As a young man, I hunted with a bow and arrow. I no longer hunt but recall some great memories with friends chasing elk and deer through the mountains of Montana and Oregon. Each summer was filled with practice and preparation for the annual week in hunt camp. Many times I was able to harvest an elk or deer and sometimes both.

Summer was a time of preparation. I would go through each piece of my equipment to make sure it was in proper working order and most importantly, quiet and odorless. To get in range of a game animal, sight, sound, and smell had to be considered because these three indicators could spook the animal before you got within range of your bow and arrow.

One year, at the end of summer just before the hunt, I asked Jan to join me in our walk-in closet. Closets are like well-insulated sound booths where you can hear the slightest of sounds. I turned the lights out so she could not see me. Our meeting wasn’t for a romantic encounter though the thought did cross my mind. I wanted her to focus only on sound.  This meeting was for Jan, a trusted observer, to listen for any noise I was making that I was not aware of. It would be too easy in my familiarity with my equipment to assume I was silent. As we stood in the closet, I was dressed in my full hunting attire with my bow in hand. I moved around in the closet and even drew my bow and asked Jan, “Can you hear anything?” Any noise made by my boots, clothing or archery equipment would be remedied and then and only then would I would be ready to hunt.

I wonder what it might be in each of our lives that could spook the culture to sound of our voice as we attempt to share the message of Jesus Christ? Some see this kind of a question as a compromise. It’s not. It is actually a question sourced in wisdom and compassion.

We are all guilty of spooking people from time-to-time, this writer included. We can live with a lot of unexamined assumptions. Assumptions can create unnecessary distance between our lives and the people we want to reach. At times misguided people have defined this chasm of ignorance as something holy and allowed it to create a “us versus them” mentality.

On the opposite ends of this issue are two camps. One end I call the “Hallelujah, Amen, Praise the Lord” folks who cannot comment on anything about God without using a language that resembles a snake-handling sawdust floor revival meeting. On the other end are the intellectuals of faith who have allowed an academic shrouded language of literary excellence to place any conversation with them beyond the reach of us common folk. These are very different ways of living a life of faith, but in the end, they create a similar result – distance.
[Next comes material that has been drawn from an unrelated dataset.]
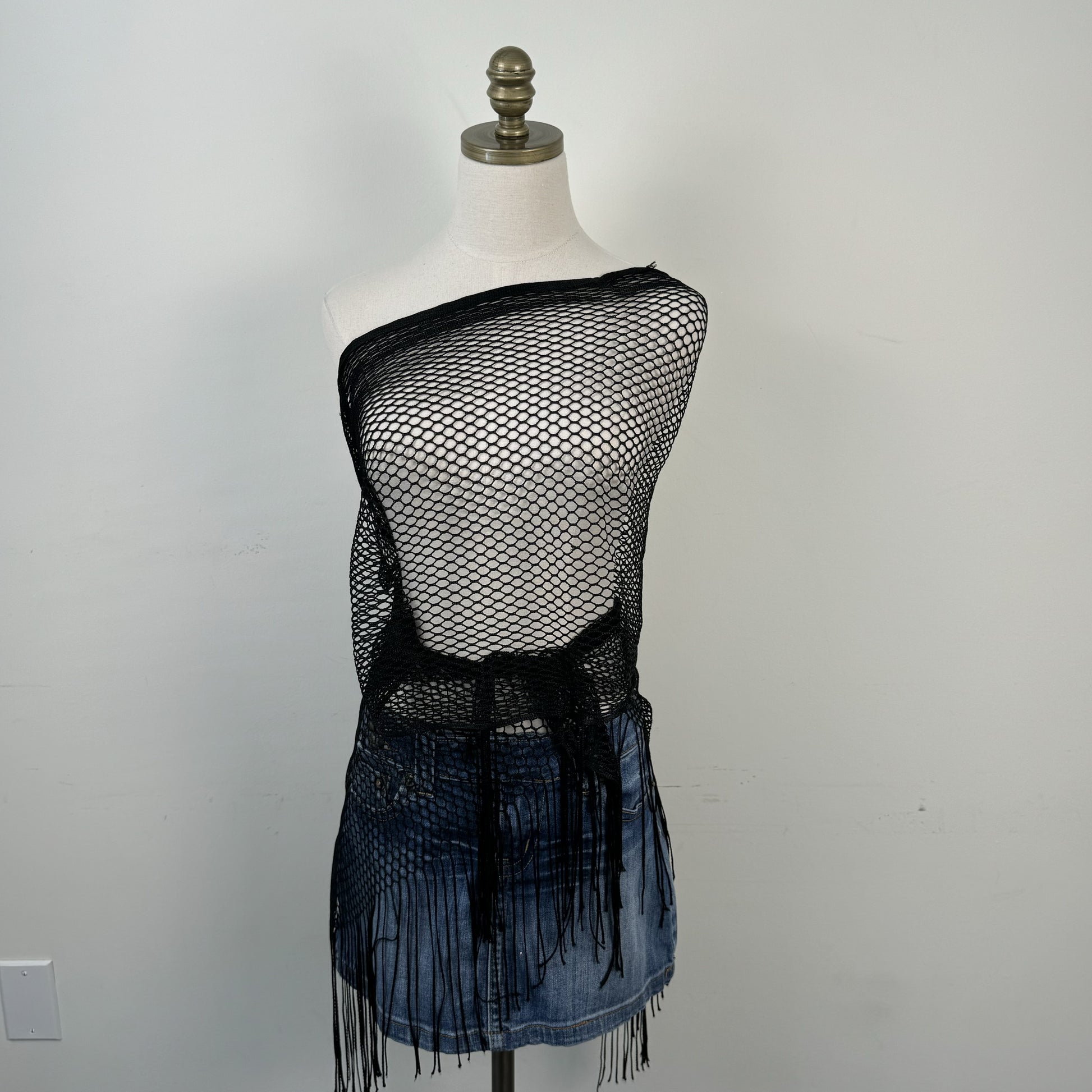 Black Fringe Open Knit Skinny Scarf – view 4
In the middle of these two narrow extremes is the vast and untapped resource pool of people we want a simple and honest representation of Jesus expressed with a familiar sounding language and with a lifestyle that is holy but not so far out there that a seeker feels like they need to wrap their head in tinfoil in order to be able to dial into our unique God-frequency.

Maybe it’s time to have an honest friend meet you in your spiritual closet and ask them, “Can you sense anything I am saying or doing that would spook someone?” This is a tough place to go because it may require some honest and painful change. Once you ask these tough questions and make the needed adjustments you will be ready for the hunt.